The above digression aside, my point is that horses who find a particular stimulus aversive are motivated to avoid it. In order to make sure that they can, they pay attention to all that predicts it. When they've done this they will most likely avoid those stimuli too, since they have become classically associated with the original learning experience. Just as Pavlov's dogs learned that a bell predicted the arrival of food, horses (and dogs) can learn what predicts the presence of something they don't like or are afraid of.

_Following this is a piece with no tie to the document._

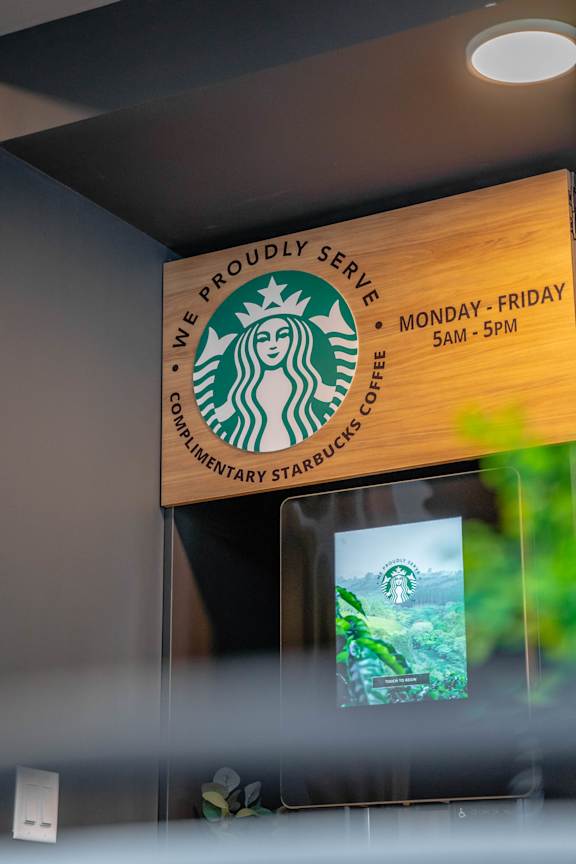 Starbucks coffee kiosk with operating hours at Mac and Mullen Apartments, Edmonton, T6R 0S7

So my problem with negative reinforcement is that aversive stimulation (of whatever nature) must be used in order to be removed, and it will be readily linked to anything else the horse noticed about the learning environment at the time. I have experienced this over the years that I've worked with horses, and it inspired my MSc research. In that I demonstrated that even mild aversive pressure (just a little pull on a lead rope) can increase the time it takes for a horse to voluntarily approach the trainer afterwards - just as Sankey et al found (see ISES proceedings from the 2008 Dublin meeting). www.equitationscience.com

Of course while I have this problem I accept that aversives happen and I aim to reduce that as best I can - of course sometimes I don't see them coming and the horse has to alert me to that sorry fact! I try to learn from it and move on.

1 comment:

  1. this came up on my memories newsfeed- great to read it again !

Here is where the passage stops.